When the weather is nice, do you find your students (and yourself!) staring out the window and wishing you were outside rather than in the classroom? I absolutely do – so why not take the learning outside when you can? Outdoor learning doesn’t have to be a significant investment in the setup; keeping things simple can benefit students and their learning in a variety of ways.
Benefits of Outdoor Learning Activities
The best part of outdoor learning is it is adaptable to any subject. So whatever you’re teaching, when you shift to teaching secondary students outside, there are a number of benefits for students, their mental health, and their overall learning.
Here are some suggested outdoor learning activities and five benefits that I’ve seen first-hand when I’ve taken my students to learn outside.
- Active learning: Teaching outside can provide students with opportunities to learn through hands-on, experiential activities that actively engage them in the learning process.
Some simple no-fuss options include moving discussions or readings to outdoor spaces. If you’re teaching science classes then conduct experiments or collect data in natural settings. Add in more movement with a scavenger hunt like this Earth Science-focused photographic option. Or make specific connections to specific lessons with this Environmental Connections Unit that asks “What are connections within our environment?” where students can learn, observe, research, and debate.
- Improved engagement: Many students find traditional classroom settings to be monotonous and may disengage from the learning process, especially when the weather gets nicer in some parts of the world. Moving the classroom outside can provide a change of scenery that can help to re-engage students and keep them interested in the material.
One way to encourage this engagement is to get students to pitch locations for learning, within parameters of course! Where around the school would they like to go? Is it the bleachers near the field or perhaps there’s a shady spot with some good trees to explore (and/or lean against!).
- Enhancing creativity: Outdoor learning can help to foster creativity and innovation by encouraging students to think outside the box and come up with unique solutions to problems. This can be particularly helpful in subjects such as art and design, where students can be inspired by natural surroundings.
Use this as an opportunity to learn outside by solving outdoor ‘problems’. What is an issue that people encounter outside and what solutions can students propose for the problem? Take it outside to research and then test these solutions. This engineering-design and critical thinking process is a great way to develop students’ soft skills with problem-solving and creative and critical thinking.
- Social-emotional learning: Outdoor learning can also provide opportunities for social-emotional learning, such as team building, leadership skills, and communication skills through collaborative outdoor activities.
Think about what you do in class early or late in the year to build relationships in class, what can be done outside? Then consider what activities you do in class that might be adaptable to learning outside.
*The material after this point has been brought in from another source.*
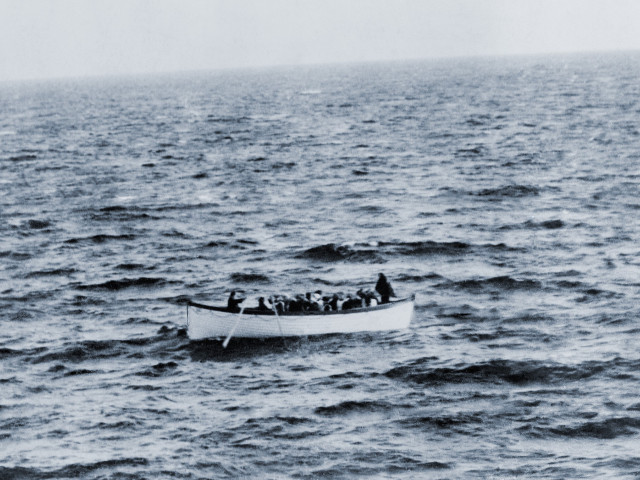 Una dintre barcile de salvare de pe Titanic vazute in dimineata zilei de 15 aprilie 1912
Again, this doesn’t have to be something that requires a lot of prep but it does require some strong classroom management skills since the boundaries of four walls and access inside/outside to restrooms becomes something else to navigate. This is why I tend to keep outdoor learning to late in the school year when we’ve had a chance to establish a solid foundation for behavior and classroom guidelines.
- Connection to nature: Spending time outdoors can help students develop a deeper connection to the natural world, which can foster a sense of environmental stewardship and a desire to protect the planet. This is particularly important in an age where issues such as climate change and environmental degradation are becoming more pressing.
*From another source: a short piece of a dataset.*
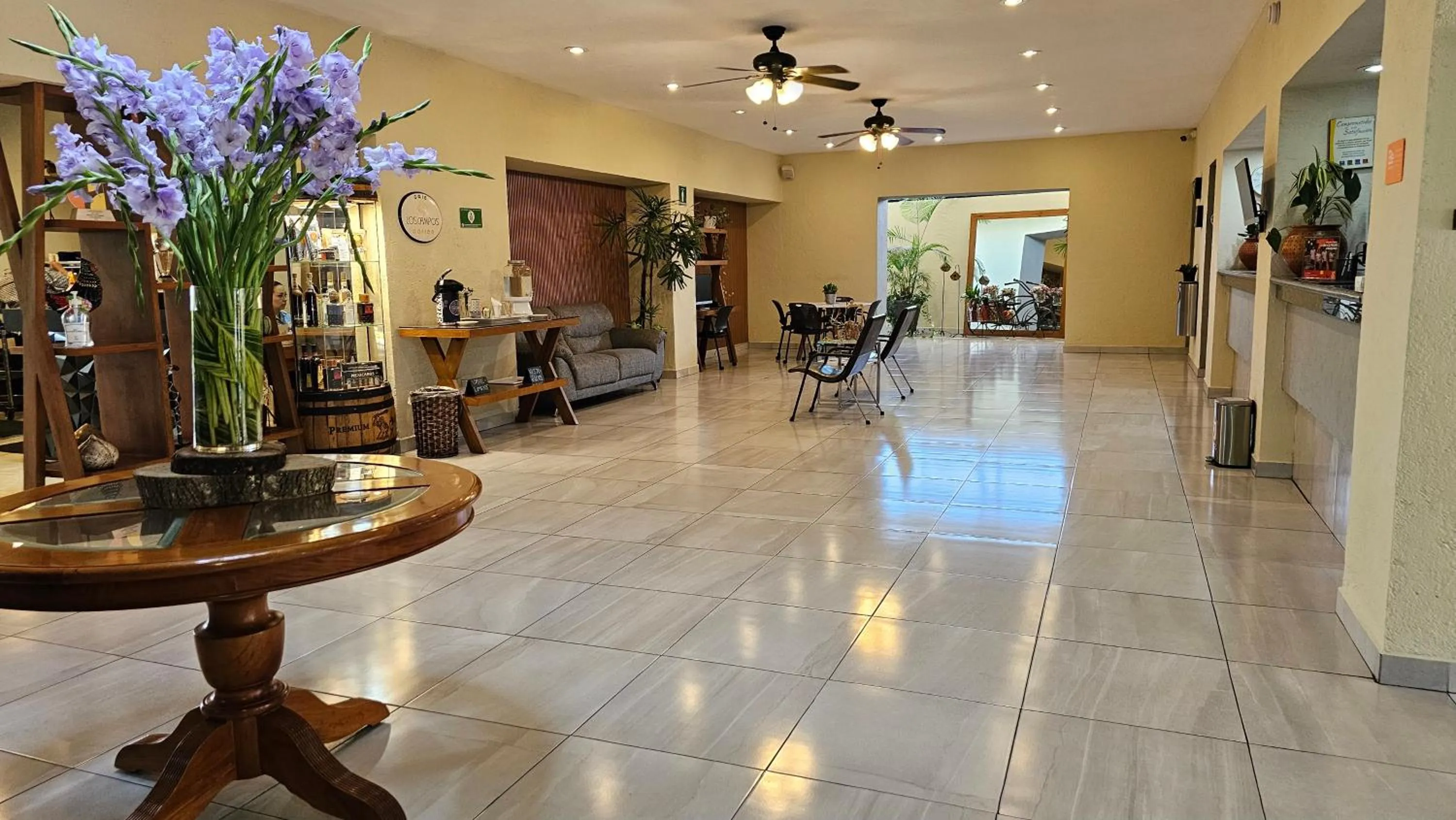 Lobby or reception in Comfort Inn Cordoba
This connection to nature can be about observing it on school property. Make it an assessment of the area to examine what elements of the natural environment are present and functional on campus. Students might even take the opportunity to propose a project or lobby for changes from the admin or school board; early opportunities for community activism can shape later environmental stewardship!
Last Words on Learning Outside
Outdoor learning really has many benefits but it doesn’t require a bit of preparation before leaving the four walls of the classroom.
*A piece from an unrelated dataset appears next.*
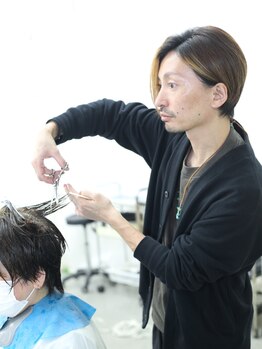 トンプソンへアグループの写真/ふんわりカールからストレートまで対応☆柔らかい質感のカールを実現します◎スタイリングも楽々に♪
Here are some teacher tips that I’ve learned from experience:
- Make sure to ask admin for approval.
- Assess the area before bringing students outside (make sure it is prepped and ready).
- Clarify student expectations before going outside.
- Have materials ready to go. (This might also mean some hats and sunscreen too!)
And when you’re outside make sure you also take a moment to take a deep breath because all of the benefits listed in this post are also benefits for the teacher too!